* Exercise description:
The output must match the lines from the first line of the listing below through the line holding "Glasses and decanters" exactly and must contain no pictures.

* Input data:
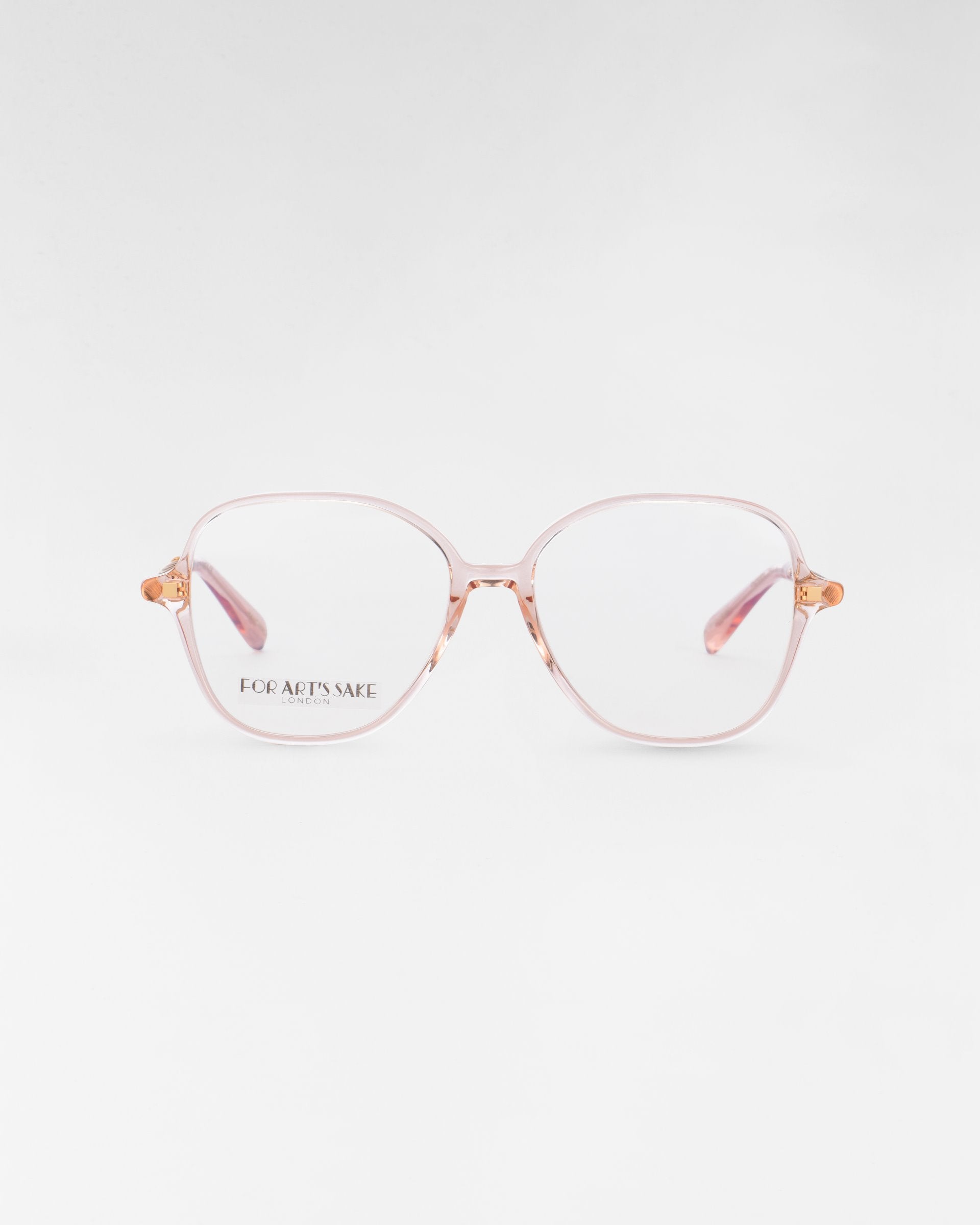 A pair of eyeglasses with large, round lenses and thin, light pink frames. The brand name &quot;For Art&#39;s Sake®&quot; is written in small letters on the left lens. Featuring a blue light filter, these Dumpling glasses are displayed against a plain, white background.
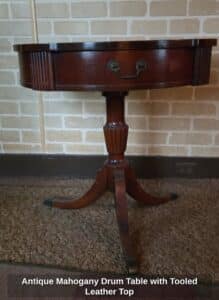 Antique-Mahogany-Drum-Table-with-Tooled-Leather-Top
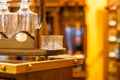 Glasses and decanters for wine on a wooden stand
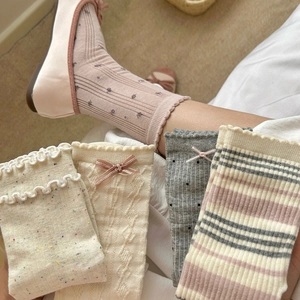Détail de chaussettes en tricot avec nœud doux, bords volantés et motifs vintage
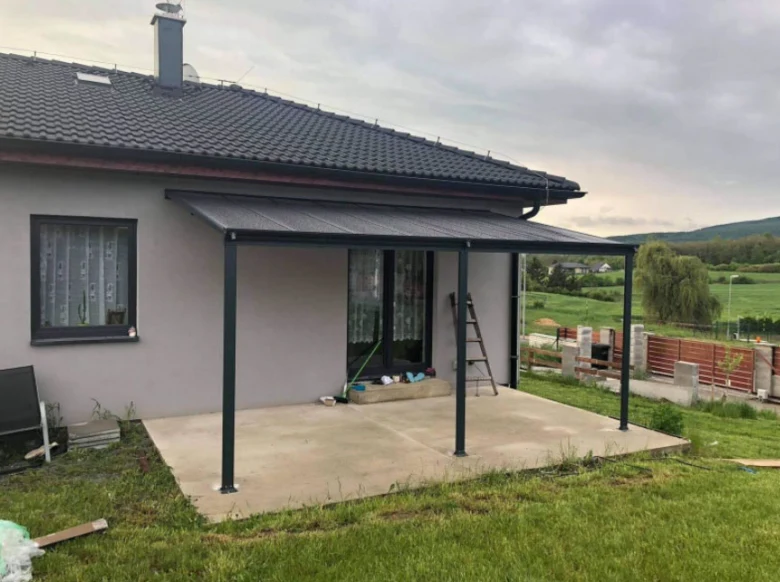 Nová hliníková pergola na terase domu v přírodě.
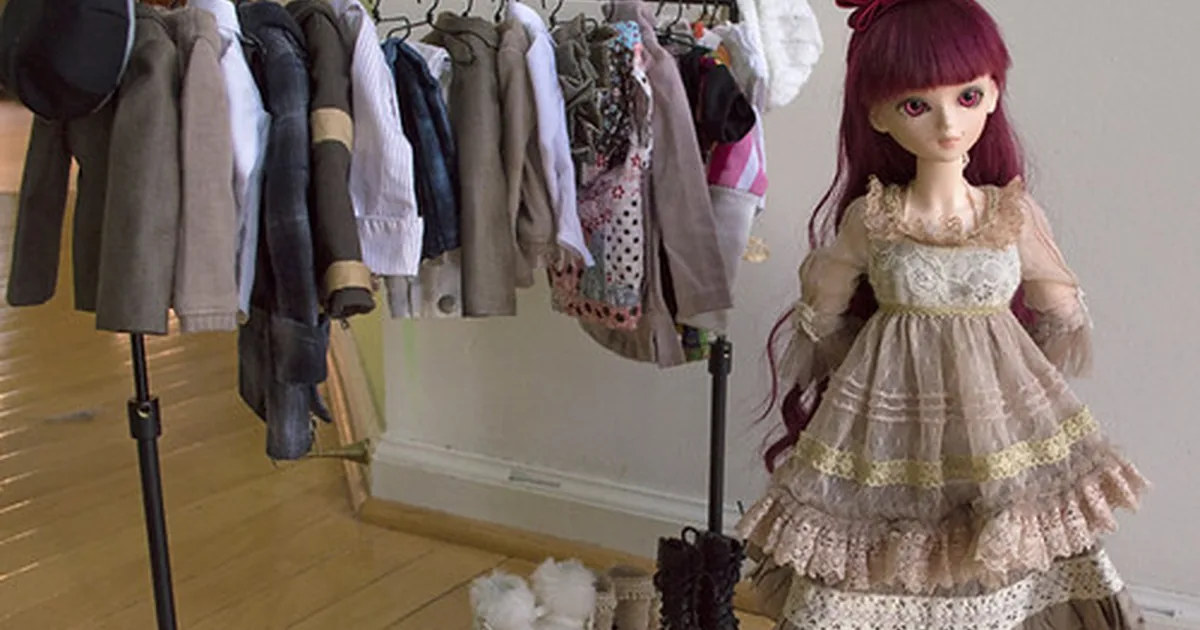 Garments on wooden hangers in a row — the not-yet-worn potential this report measures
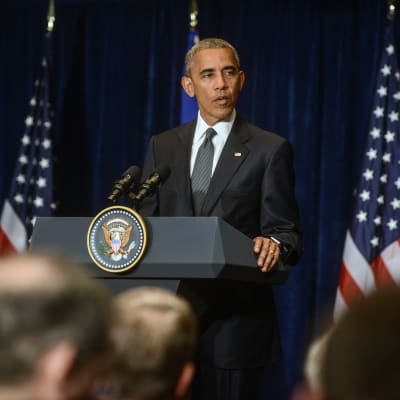 USA:s president Barack Obama bakom ett podium med USA:s och EU:s  flaggor i Bakgrunden. Obama fördömde dödsskjutningarna av poliser i Dallas under inledningen av Nato-toppmötet i Warszawa, Polen.
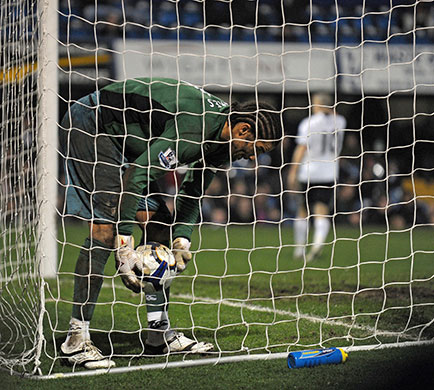 Title race gallery: Pompey keeper David James picks the ball out of the net 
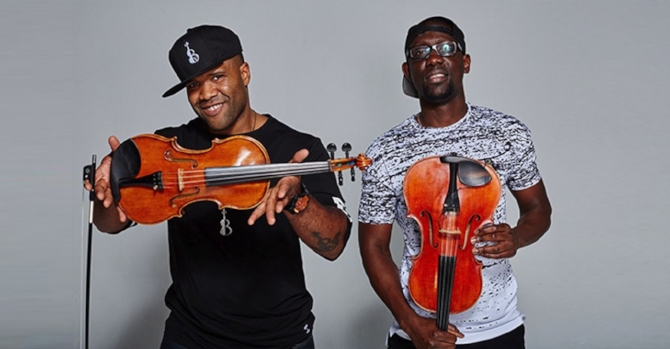 black violin band poses for photo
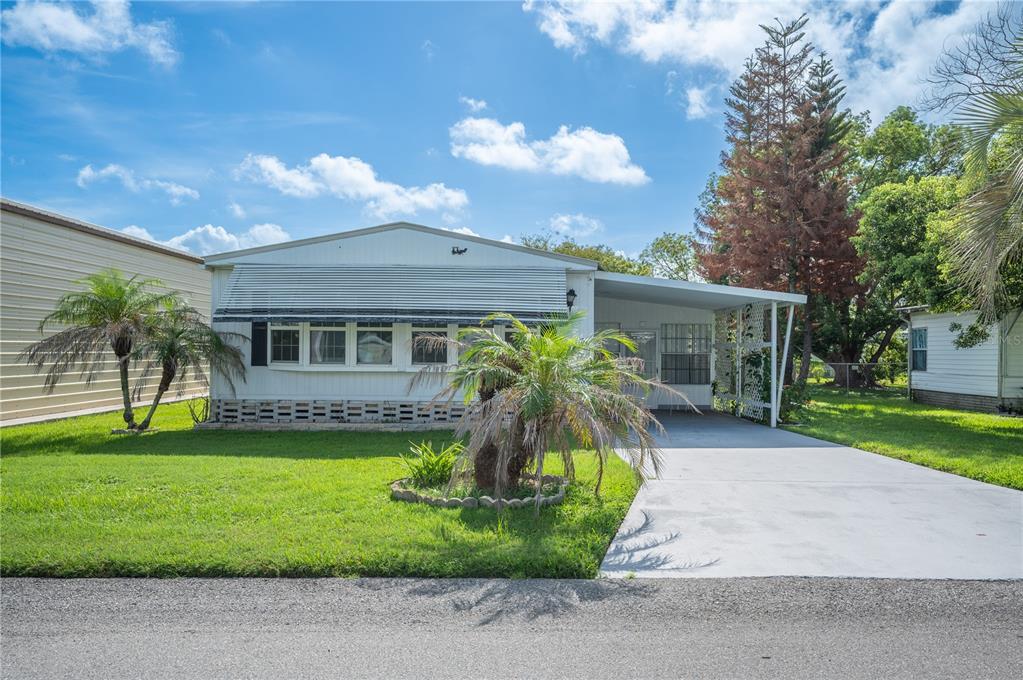 A single-story mobile home with a white exterior, a carport, and a front lawn — 1610 REYNOLDS ROAD UNIT 54, LAKELAND, FL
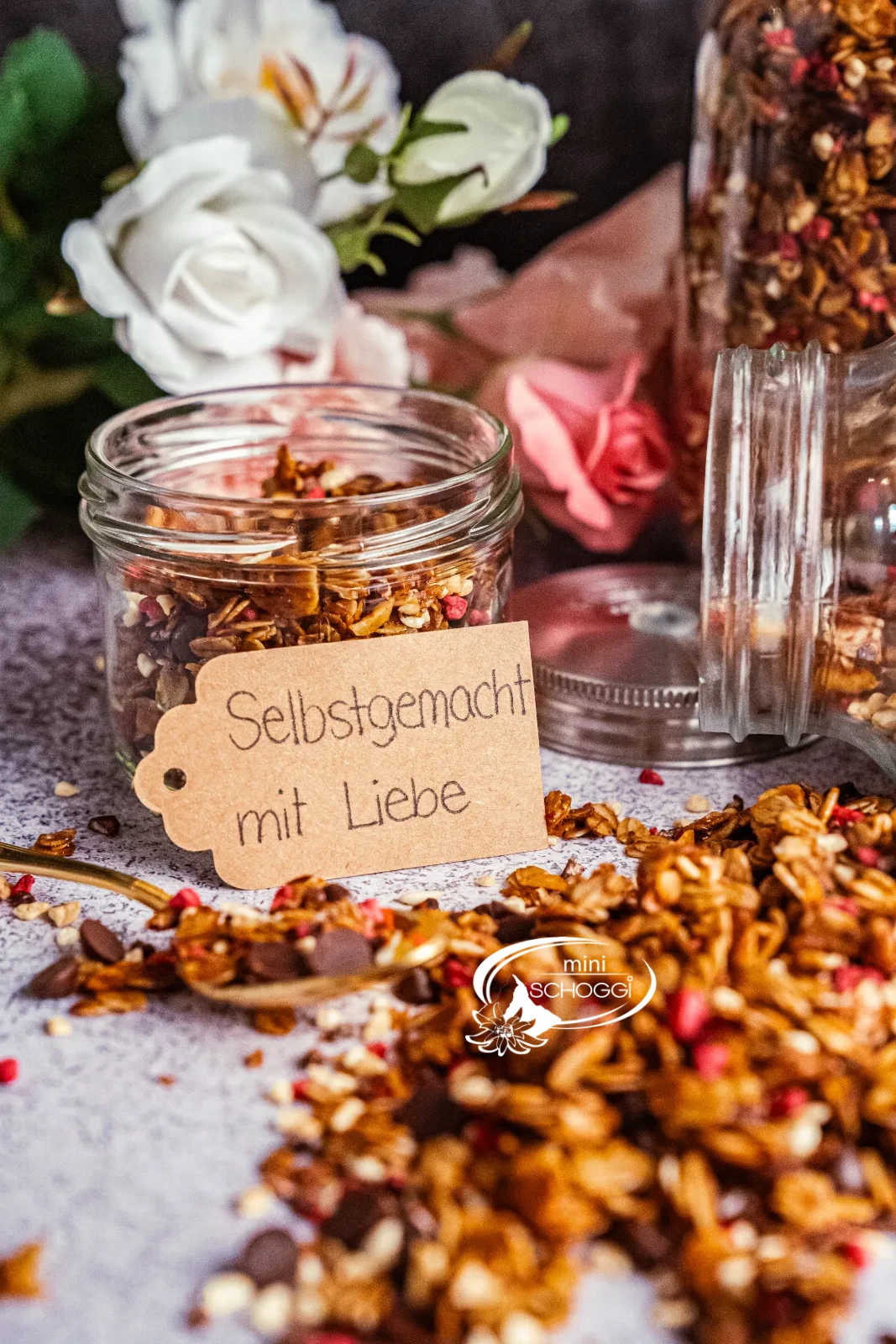 Granola fatta in casa con lamponi e cioccolato, accanto due vasetti di scorta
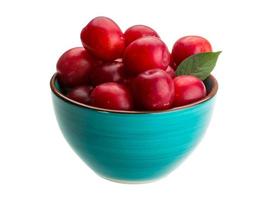 Damson plum in a bowl on white background photo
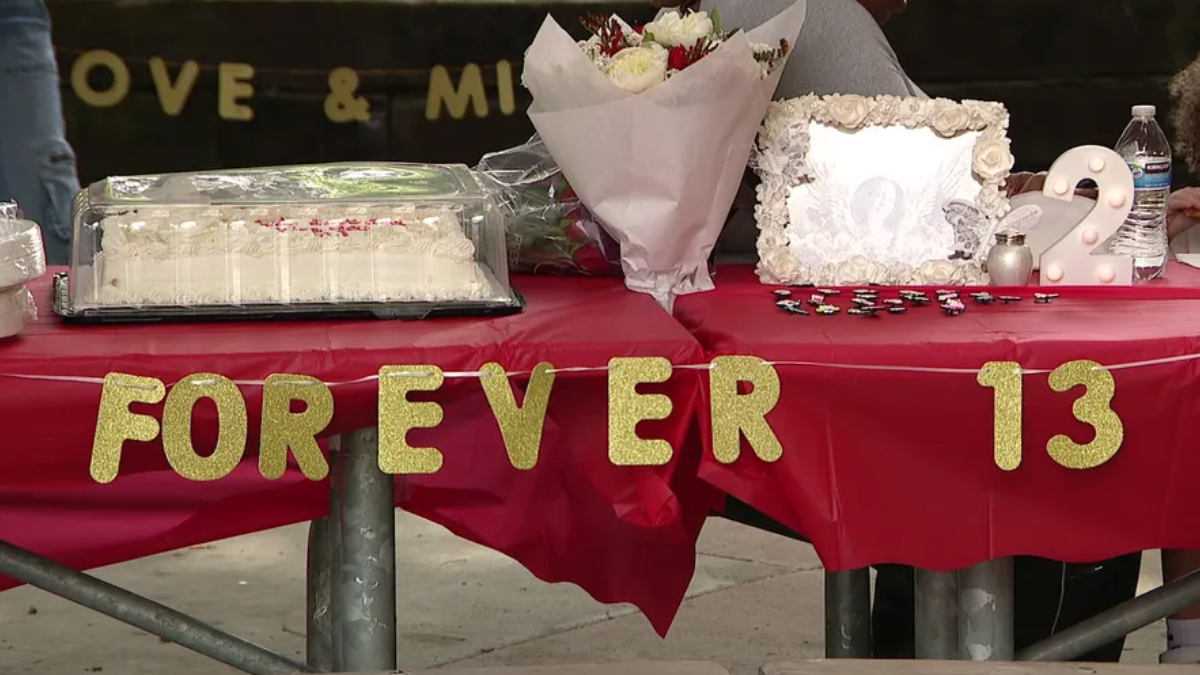 Table covered in red cloth with gold glitter letters spelling 'FOREVER 13', a wedding-style cake under a plastic cover, bouquet, decorative framed photo, and a lit decorative '2' at a celebration setup.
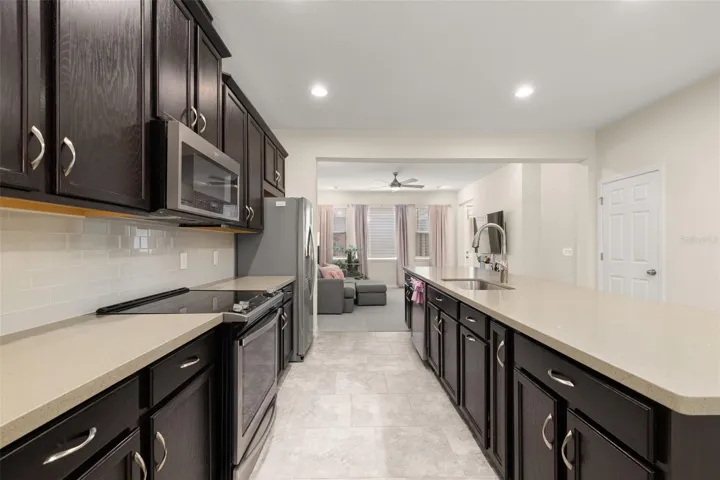Kitchen loaded with counterspace for food prep and cabinetry for storage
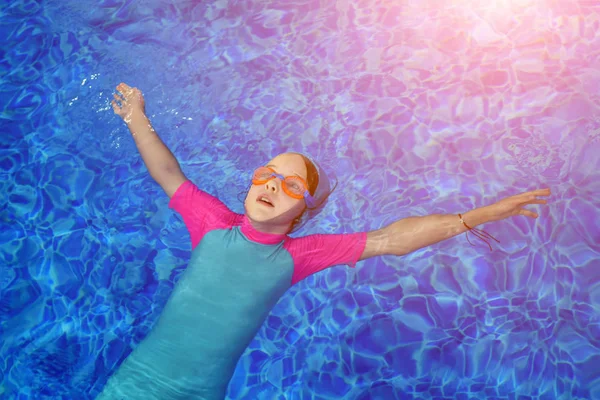 Portrait de fille calme se détendre dans l'eau bleue claire de piscine ensoleillée en plein air . — Photo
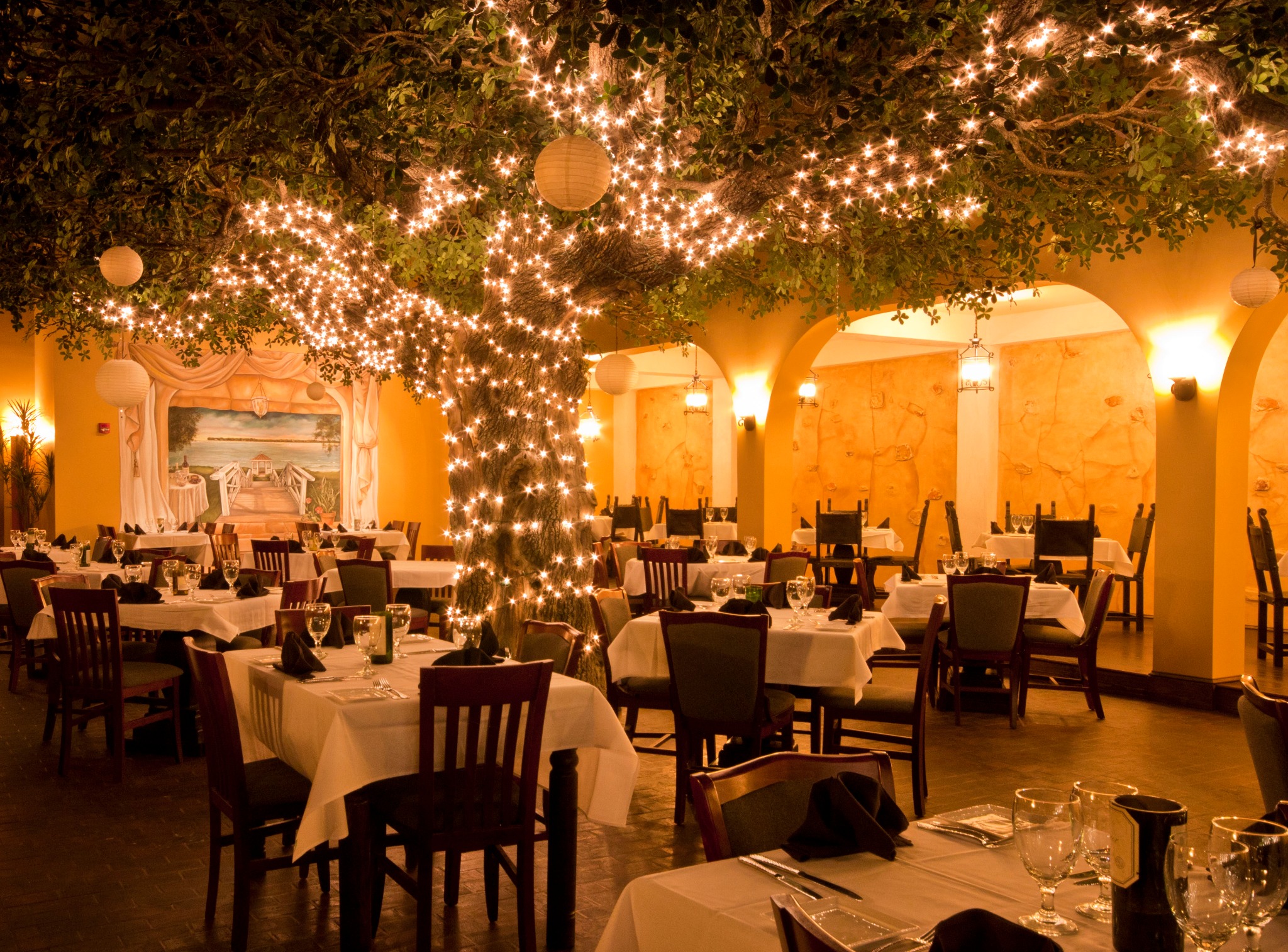 Firefly restaurant dining room in Panama City Beach with elegant tables and illuminated tree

* Written solution:
 A pair of eyeglasses with large, round lenses and thin, light pink frames. The brand name &quot;For Art&#39;s Sake®&quot; is written in small letters on the left lens. Featuring a blue light filter, these Dumpling glasses are displayed against a plain, white background.
 Antique-Mahogany-Drum-Table-with-Tooled-Leather-Top
 Glasses and decanters for wine on a wooden stand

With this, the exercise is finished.